Reed Hastings

Reed Hastings is the co-founder of Netflix — stepped down from its board in June 2026 after nearly three decades, and now runs Powder Mountain, a private ski community in Eden, Utah.

Reed graduated from Bowdoin College in 1983, then took his MS in Artificial Intelligence at Stanford in 1988 — an unusual combination of liberal arts and early-AI training that would shape how he thought about culture and technology. He founded Pure Software in 1991, a software troubleshooting tools company that merged with Atria Software to form Pure Atria, then was acquired by Rational in 1997 — his first full cycle as a founder. That same year he co-founded Netflix with Marc Randolph as a DVD-by-mail rental service, building it over a multi-decade tenure into the world's largest streaming platform with over 325 million paid subscribers. He stepped back from day-to-day management when Ted Sarandos and Greg Peters became co-CEOs, then transitioned to Executive Chairman, and in June 2026 stepped down from the Netflix board entirely — succeeded as Chairman by Jay Hoag. The through-line is serial company-building around platforms with network effects, and then engineering your own exit cleanly. He co-authored 'No Rules Rules: Netflix and the Culture of Reinvention' — the book articulates his philosophy of radical transparency, talent density, and freedom-and-responsibility culture — and has spoken on Masters of Scale about why culture is the real product. He now runs Powder Mountain, a ski mountain and private real estate community in Eden, Utah, and sits on the boards of Anthropic, Khan Academy, Bloomberg, and the Charter School Growth Fund, which signals where his attention is going post-Netflix: AI, education reform, and media.

The most recent move at Netflix is Reed Hastings' own: in June 2026 he officially stepped down from the board, completing a multi-year leadership transition that now sits fully with co-CEOs Ted Sarandos and Greg Peters and new Chairman Jay Hoag. The company's capital allocation story has sharpened since early 2026 — Netflix walked away from an $82.7 billion bid for Warner Bros. Discovery in February 2026 after a competing $110 billion offer from Paramount Skydance; Netflix received a termination fee and pivoted to a $25 billion share buyback plan and a $20 billion content budget for 2026. Q1 2026 revenue came in at $12.25 billion, up 16.19% year-over-year, with free cash flow surging 91.44% to $5.09 billion, and management raised full-year free cash flow guidance to $12.5 billion targeting a 31.5% operating margin. In May 2026, Netflix also boosted investment in Thai content with over $200 million in new commitments, and in June 2025 announced a landmark partnership with France's TF1 to integrate live TV channels into the Netflix experience — its first major traditional broadcaster integration, launching summer 2026.

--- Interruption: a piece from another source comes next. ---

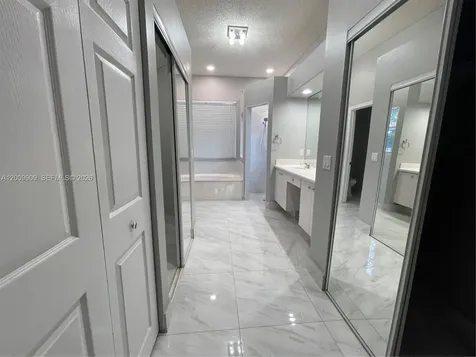 5263 SW 34th Way Hollywood FL 33312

Netflix leads global streaming with over 325 million paid subscribers and a market capitalisation of around $343 billion as of 2026, well ahead of Disney's approximately $180 billion — its main streaming rivals include Disney+, Amazon Prime Video, Apple TV+, YouTube, and Paramount Skydance. The industry in 2026 is defined by re-bundling: consolidation of smaller players, hybrid ad-supported and premium tiers, and expansion into live sports and gaming, with Netflix's ad-supported tier now counting over 190 million monthly active users and ad revenues expected to roughly double to around $3 billion in 2026. Regulatory pressure is a persistent headwind — EU local content quotas, GDPR and CCPA data privacy obligations, antitrust scrutiny in both the US and EU over large acquisitions, and geopolitical blocks in China and Russia all constrain the growth map.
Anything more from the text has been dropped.